By offering customers a package of products at a fixed price, news publishers can generate revenue from a broad range of services and effectively leverage economies of scale. This model allows companies to increase subscription rates and expand their subscriber base by catering to diverse consumer preferences. Bundles may also lock customers in, serving needs beyond information, and hold off competitors struggling to match the bundle’s offering.
So far though, in almost all 46 countries surveyed by Oxford’s Reuters Institute in 2022, the majority of online subscribers paid for only one publication.
Cable-style bundles: In the past year, the leading publishers in Belgium, Netherlands, Norway, Poland, and Sweden launched mega-bundles, and their peers in other countries are watching closely.
Poland: In late 2022, Ringier Axel Springer launched Onet Premium, bundling national and foreign news, lifestyle magazines, podcasts, video, and language courses.
Norway: Schibsted offered Full Tillgang (All Access), bundling tabloid and quality news, national and local news, business news and advice, a news aggregator app, and podcasts.
Sweden: In early 2023, Bonnier released +Allt (+All), bundling its two national brands and 40+ local ones, as well as magazines and puzzles. Schibsted responded soon with its own Swedish bundle.
Belgium: In its Digi Plus bundle, Mediahuis offered national and local brands, magazines, and podcasts.
Netherlands: DPG Media added Uit Andere Media (From Other Media): a bundle of 11 national and local newspapers, lifestyle and entertainment verticals, podcasts, and puzzles.
INMA analysed seven super-bundles and found the number of brands packaged together varied from five to 90, with a median of 11. All bundles included national news, and all but two included local news. All offered podcasts, and all but one offered video content.
Most bundled brands were published by the same groups, although two publishers also offered licensed content from partners, e.g., international brands. One publisher sold its brands only in a bundle, others let readers choose whether to bundle or buy brands separately.
All publishers offered discounted trials. When comparing post-trial monthly subscription prices of the bundles to those of the flagship brands alone, the bundles cost from 50% to 230% more, 118% more on average.
Rebundling the news: Some of the bundlers told INMA they were inspired by the cable business.
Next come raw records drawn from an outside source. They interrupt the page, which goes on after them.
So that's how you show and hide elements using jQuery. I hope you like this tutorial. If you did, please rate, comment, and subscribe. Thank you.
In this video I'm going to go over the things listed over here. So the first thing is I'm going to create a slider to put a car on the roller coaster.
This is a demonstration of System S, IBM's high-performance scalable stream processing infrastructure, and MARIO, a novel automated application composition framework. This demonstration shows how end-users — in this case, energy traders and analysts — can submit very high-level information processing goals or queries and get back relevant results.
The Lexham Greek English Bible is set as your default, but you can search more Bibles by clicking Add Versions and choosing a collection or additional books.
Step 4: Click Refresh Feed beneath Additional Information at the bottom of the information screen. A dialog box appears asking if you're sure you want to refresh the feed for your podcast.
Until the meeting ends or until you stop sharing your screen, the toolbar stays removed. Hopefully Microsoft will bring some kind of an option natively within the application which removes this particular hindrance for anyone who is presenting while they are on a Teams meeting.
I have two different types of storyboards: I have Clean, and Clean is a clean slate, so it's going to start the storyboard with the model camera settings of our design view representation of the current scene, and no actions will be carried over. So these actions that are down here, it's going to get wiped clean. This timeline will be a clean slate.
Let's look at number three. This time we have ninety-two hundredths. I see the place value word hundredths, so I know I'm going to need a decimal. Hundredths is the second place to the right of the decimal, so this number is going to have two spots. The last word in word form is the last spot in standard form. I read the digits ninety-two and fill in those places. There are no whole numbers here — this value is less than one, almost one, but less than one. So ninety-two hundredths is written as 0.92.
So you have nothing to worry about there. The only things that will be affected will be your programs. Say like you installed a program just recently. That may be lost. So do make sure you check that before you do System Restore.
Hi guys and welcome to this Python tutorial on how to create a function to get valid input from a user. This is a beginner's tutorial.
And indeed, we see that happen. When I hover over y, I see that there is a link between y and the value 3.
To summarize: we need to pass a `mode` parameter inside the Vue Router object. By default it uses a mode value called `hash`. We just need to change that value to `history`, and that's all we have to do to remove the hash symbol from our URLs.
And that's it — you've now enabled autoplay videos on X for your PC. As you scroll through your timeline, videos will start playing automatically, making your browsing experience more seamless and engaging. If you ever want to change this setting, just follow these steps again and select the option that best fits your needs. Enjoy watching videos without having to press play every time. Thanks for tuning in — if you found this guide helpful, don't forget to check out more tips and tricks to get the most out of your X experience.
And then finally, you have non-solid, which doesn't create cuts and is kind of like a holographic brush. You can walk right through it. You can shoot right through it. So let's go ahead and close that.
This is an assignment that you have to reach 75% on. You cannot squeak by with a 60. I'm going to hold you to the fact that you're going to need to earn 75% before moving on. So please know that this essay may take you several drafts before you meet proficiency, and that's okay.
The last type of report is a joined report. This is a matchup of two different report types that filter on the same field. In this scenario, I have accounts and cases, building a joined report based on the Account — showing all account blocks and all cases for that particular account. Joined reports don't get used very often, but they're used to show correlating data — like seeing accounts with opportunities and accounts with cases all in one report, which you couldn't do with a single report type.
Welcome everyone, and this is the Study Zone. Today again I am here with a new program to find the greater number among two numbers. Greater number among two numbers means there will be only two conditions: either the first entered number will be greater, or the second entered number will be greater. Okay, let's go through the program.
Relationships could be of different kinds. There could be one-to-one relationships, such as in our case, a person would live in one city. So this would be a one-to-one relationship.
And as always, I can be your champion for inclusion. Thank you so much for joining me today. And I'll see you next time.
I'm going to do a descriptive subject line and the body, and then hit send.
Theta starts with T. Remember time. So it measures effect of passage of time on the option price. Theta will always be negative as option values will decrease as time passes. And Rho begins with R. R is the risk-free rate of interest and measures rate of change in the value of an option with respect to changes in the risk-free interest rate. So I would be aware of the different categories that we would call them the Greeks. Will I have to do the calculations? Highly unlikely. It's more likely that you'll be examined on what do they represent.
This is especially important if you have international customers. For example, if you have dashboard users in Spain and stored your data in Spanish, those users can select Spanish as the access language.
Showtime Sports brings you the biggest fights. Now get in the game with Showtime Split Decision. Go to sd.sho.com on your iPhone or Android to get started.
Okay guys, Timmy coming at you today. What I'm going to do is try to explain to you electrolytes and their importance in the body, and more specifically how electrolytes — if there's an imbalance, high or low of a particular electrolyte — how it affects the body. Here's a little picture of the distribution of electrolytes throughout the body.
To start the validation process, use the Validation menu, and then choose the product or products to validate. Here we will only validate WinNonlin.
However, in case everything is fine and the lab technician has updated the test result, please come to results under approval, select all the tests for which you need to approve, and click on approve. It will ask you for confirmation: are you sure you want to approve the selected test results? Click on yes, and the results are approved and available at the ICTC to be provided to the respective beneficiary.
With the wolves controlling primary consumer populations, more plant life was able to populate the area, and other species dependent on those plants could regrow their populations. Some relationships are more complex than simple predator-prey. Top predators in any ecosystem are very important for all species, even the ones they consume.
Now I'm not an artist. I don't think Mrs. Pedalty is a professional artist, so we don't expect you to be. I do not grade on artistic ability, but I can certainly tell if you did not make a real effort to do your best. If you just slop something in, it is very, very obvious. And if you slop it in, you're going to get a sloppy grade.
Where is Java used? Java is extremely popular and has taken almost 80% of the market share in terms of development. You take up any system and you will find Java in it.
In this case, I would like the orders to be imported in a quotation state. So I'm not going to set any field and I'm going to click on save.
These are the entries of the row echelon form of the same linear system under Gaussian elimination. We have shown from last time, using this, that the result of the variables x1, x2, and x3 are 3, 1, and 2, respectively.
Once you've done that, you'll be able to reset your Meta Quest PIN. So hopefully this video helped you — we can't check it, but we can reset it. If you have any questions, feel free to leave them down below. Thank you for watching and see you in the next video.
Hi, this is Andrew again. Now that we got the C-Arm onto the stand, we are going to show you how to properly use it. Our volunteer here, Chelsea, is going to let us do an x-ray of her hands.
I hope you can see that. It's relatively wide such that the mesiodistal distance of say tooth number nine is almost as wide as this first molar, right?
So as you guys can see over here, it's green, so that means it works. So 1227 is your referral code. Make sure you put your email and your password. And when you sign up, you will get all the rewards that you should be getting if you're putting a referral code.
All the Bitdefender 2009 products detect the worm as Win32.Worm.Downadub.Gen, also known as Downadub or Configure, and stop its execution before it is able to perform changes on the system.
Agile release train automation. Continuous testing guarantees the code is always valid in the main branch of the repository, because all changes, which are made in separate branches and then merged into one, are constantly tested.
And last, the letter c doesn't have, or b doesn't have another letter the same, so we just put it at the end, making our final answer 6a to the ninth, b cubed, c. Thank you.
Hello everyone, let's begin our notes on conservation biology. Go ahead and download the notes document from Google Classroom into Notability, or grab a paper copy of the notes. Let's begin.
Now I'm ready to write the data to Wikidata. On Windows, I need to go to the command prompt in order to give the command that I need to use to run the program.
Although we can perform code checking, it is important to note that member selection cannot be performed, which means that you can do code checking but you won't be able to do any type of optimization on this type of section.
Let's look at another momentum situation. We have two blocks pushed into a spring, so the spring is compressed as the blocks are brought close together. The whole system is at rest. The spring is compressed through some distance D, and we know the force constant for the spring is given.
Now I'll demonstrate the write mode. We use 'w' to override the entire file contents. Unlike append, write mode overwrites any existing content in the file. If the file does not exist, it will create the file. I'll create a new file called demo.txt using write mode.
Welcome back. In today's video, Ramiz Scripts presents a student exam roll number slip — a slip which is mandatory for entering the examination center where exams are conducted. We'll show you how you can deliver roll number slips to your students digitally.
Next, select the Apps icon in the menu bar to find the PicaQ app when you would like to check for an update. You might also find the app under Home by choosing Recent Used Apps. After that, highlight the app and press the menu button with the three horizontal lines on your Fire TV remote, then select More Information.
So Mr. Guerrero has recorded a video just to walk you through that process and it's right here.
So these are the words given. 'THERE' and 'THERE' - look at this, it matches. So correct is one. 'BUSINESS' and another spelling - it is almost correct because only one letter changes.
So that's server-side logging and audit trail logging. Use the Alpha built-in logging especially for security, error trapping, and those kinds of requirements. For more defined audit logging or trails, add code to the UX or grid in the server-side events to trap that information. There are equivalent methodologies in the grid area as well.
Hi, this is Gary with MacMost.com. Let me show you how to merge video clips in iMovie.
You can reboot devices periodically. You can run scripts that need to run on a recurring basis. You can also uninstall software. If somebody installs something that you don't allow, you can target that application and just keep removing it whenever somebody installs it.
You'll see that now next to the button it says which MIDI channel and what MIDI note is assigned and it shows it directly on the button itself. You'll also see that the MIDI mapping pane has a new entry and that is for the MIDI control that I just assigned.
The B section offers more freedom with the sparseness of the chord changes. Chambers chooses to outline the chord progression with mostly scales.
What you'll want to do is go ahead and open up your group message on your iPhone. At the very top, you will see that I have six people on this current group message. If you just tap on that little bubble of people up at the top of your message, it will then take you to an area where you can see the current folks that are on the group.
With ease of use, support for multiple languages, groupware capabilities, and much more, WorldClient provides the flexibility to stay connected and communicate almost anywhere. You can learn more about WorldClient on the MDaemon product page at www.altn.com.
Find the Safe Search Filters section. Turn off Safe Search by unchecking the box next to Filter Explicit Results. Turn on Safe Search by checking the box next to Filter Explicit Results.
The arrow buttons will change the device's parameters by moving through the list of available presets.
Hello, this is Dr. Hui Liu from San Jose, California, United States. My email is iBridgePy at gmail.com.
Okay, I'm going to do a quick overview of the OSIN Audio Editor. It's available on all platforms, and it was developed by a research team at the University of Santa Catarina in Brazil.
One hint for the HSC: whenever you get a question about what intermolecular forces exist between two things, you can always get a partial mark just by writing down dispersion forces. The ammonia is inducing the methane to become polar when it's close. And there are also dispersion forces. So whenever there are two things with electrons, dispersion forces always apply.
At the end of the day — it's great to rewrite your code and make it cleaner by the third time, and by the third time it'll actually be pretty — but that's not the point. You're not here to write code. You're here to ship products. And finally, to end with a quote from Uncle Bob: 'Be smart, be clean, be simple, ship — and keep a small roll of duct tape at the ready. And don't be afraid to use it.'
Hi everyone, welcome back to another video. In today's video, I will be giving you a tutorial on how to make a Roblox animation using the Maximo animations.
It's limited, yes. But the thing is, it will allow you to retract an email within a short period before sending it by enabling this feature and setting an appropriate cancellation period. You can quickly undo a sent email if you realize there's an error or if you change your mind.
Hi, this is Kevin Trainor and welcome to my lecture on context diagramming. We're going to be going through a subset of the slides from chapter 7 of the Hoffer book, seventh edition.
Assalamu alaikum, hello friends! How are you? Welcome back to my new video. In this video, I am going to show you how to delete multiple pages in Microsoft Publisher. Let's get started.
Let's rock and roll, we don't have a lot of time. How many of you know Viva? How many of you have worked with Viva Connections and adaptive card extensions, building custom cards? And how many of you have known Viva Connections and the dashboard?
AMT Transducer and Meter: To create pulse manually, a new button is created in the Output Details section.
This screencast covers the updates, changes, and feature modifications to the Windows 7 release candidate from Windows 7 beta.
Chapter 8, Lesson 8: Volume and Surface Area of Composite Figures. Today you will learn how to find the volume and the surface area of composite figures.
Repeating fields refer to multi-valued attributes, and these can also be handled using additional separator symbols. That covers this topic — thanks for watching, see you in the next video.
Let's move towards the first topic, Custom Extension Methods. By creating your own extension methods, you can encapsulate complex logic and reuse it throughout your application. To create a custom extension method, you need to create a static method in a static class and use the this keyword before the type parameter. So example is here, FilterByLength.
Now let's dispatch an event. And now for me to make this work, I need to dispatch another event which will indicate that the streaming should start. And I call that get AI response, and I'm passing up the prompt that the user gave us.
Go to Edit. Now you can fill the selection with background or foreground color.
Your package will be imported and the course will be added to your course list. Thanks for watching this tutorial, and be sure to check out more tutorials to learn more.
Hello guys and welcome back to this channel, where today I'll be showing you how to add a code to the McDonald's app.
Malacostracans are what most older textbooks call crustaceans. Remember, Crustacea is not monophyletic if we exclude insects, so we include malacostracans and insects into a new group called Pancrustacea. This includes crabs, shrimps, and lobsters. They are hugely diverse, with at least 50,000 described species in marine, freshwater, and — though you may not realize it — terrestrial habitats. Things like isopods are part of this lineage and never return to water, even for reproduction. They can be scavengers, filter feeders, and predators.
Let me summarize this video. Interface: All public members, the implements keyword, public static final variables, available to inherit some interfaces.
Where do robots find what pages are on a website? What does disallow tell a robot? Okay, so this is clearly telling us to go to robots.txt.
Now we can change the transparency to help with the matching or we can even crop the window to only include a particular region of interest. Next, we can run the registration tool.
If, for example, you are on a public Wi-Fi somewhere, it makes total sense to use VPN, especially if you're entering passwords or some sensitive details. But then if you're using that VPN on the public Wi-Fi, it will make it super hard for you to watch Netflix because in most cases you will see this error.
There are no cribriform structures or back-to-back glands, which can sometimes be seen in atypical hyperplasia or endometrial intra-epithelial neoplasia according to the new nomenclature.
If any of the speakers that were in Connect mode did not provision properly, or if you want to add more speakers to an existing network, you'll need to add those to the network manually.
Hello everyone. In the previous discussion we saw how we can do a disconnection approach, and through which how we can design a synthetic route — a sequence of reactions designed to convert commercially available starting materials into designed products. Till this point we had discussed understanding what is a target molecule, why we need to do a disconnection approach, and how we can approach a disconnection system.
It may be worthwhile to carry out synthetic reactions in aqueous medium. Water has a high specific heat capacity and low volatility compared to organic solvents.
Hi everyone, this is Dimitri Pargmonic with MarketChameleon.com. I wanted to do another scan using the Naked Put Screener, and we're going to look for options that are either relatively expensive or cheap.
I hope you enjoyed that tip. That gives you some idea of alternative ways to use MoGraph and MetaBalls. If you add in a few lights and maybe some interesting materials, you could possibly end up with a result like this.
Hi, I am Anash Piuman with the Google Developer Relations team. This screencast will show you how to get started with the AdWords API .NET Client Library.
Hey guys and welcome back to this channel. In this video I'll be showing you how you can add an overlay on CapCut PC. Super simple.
National news executives looked up to The New York Times (launched a bundle in 2021). And local news executives envied the success of Norway’s Amedia (launched in 2020).
They were pioneers. A 2022 study by INMA revealed that among the top 50 news subscription brands, a significant 96% incorporated additional benefits into their news products, enhancing the value proposition. However, only 32% bundled their news products with standalone or non-news products, reaching beyond the needs of the core readership.
Differently than most of its peers, the growth of The New York Times is increasingly driven by non-news products. Subscriptions to Games, Cooking, or Wirecutter made 33% of all subscriptions to The Times in 4Q 2022 and 69% of new additions, per the financial report.
The Times found its bundle customers were more engaged than the single-product customers, generated higher ARPU, and churned less. The Times’s digital strategy is following the footsteps of its print era expansion, as it grew circulation in the 1970s with new sections appealing to non-news readers.
Amedia launched its +Alt (+All) add-on offer to local brand subscribers in 2020 as an option to check on friends and family locked down during the pandemic in other regions. A whopping 170,000 (26%) of all 660,000 subscribers tried the bundle for free.
A year later, 140,000 kept paying for the bundle. Amedia’s Ole Werring told INMA that all 73 participating local newspapers increased their revenue thanks to +Alt, and the offer “contributed significantly” to the company’s bottom line.